Everybody knows these names because, love them or hate them, cars are everywhere — not least on TV or in movies. Few people are likely to remember which manufacturer won the 1977 Formula One world championship, but if you ask them instead what car Don Johnson drove in Miami Vice they are likely to remember it was a Ferrari.

In more recent times however, things have become a bit more complicated. As car manufacturing became more large scale, and the global economy more open, some brands started to struggle in the ultra-competitive environment. Many went bankrupt, got sold, went bankrupt again, and so on and so forth. In the process, the big sharks of the industry only got bigger as they decimated the guppies. Some brands died altogether, but others were kept alive by their new owners, in an attempt to diversify their lineup and target different types of customers. Few played this game better than Volkswagen.

There is certainly no shortage of cars with a Volkswagen badge on the roads, but once you start counting all the VW cars that are carrying different badges, you end up with a huge percentage. I am certainly not going to pretend that VW sells identical cars with only a different badge and slightly different looks, because the differences go deeper than that. But it does allow them to engineer one platform to serve several different cars, and the same goes for engines. You can find the exact same engines being used whether you are buying a VW, Audi, Seat or Skoda. Nothing wrong with that of course, it makes no sense to develop four similar engines in parallel.

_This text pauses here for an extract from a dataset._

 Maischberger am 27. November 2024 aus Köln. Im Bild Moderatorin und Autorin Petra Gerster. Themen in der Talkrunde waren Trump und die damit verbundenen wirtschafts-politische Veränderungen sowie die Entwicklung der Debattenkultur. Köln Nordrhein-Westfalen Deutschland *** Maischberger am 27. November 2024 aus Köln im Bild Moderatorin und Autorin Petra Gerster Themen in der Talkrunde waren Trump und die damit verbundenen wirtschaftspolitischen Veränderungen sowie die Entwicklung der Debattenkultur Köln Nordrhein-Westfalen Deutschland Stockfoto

Modular platforms are a big money saver for car manufacturers

Things get more interesting when you get to the upper end of the luxury market. Let’s look at Bentley, which has been wholly owned by Volkswagen since 1998. Before that, it had been owned by Rolls-Royce all the way back to 1931. For much of that time, Bentley cars were actually little more than re-branded Rolls-Royce models with a slightly more sporty image. They couldn’t make them any less sporty than a Rolls, I suppose, without causing irreparable damage to the laws of physics.

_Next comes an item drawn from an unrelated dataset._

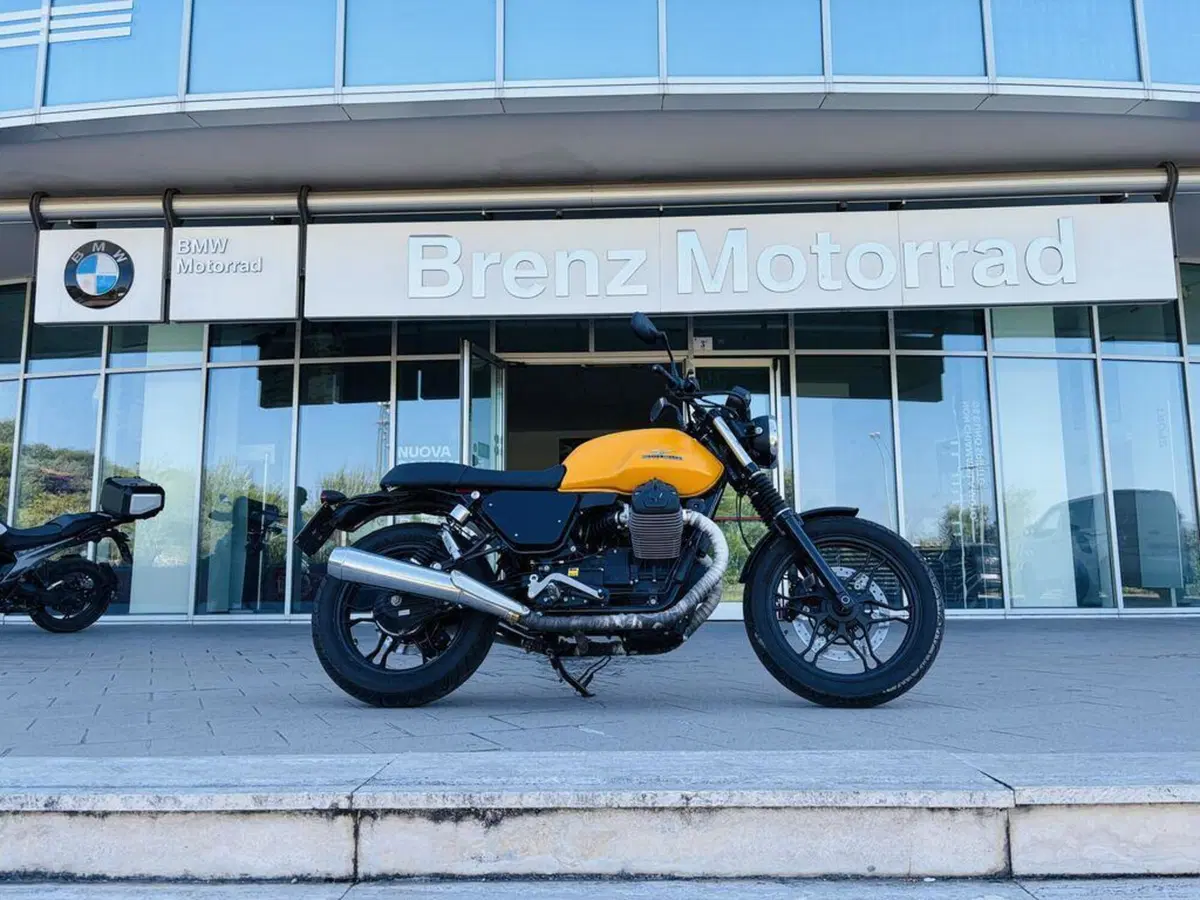 Moto Guzzi V7 II Stone (2015 - 17)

Bentley certainly made some great cars, perhaps not particularly innovative from a technical perspective, but they were utterly British and the fine fellows who drove them wearing plaid trousers to the golf course and back felt right at home in them.

Bentley Continental R

In my humble opinion, the last proper Bentley was the Continental R, which had such a hilarious amount of horsepower that you could go through a set of rear tires before you got to the end of your driveway. People who owned them generally had long driveways. It was the automotive equivalent of the Queen dyeing her hair purple, but in a dignified way of course. Her Majesty would certainly find a way, as Bentley did.

Seeing a Continental R in the flesh always remained a rare occurrence, which is not something I can say about the first car Bentley made under Volkswagen’s ownership: the Continental GT.

Bentley Continental GT

There is no nice way of saying this, but the Continental GT is in no small part based on the VW Phaeton. A car which is a lot cheaper, and actually a lot rarer come to think of it, than the Bentley equivalent.

Volkswagen Phaeton

Euphemistically it is said that these cars share a platform — in practice it means that while you get an absolutely lovely Bentley interior and exterior, many of the mechanical parts doing the actual driving are made in Volkswagen factories, not Bentley and definitely not Rolls-Royce.

That doesn’t make the Bentley a bad car of course, it’s still very fast in a straight line and still isn’t too keen on taking corners quickly — just like the old Continental R. But on some level, it just feels wrong. The Bentley brand name is recognized and revered for its racing history, and for adding spice to the quintessentially British Rolls-Royce. The brochures once boasted that the grille on a Bentley was the only part that made it different from a Rolls.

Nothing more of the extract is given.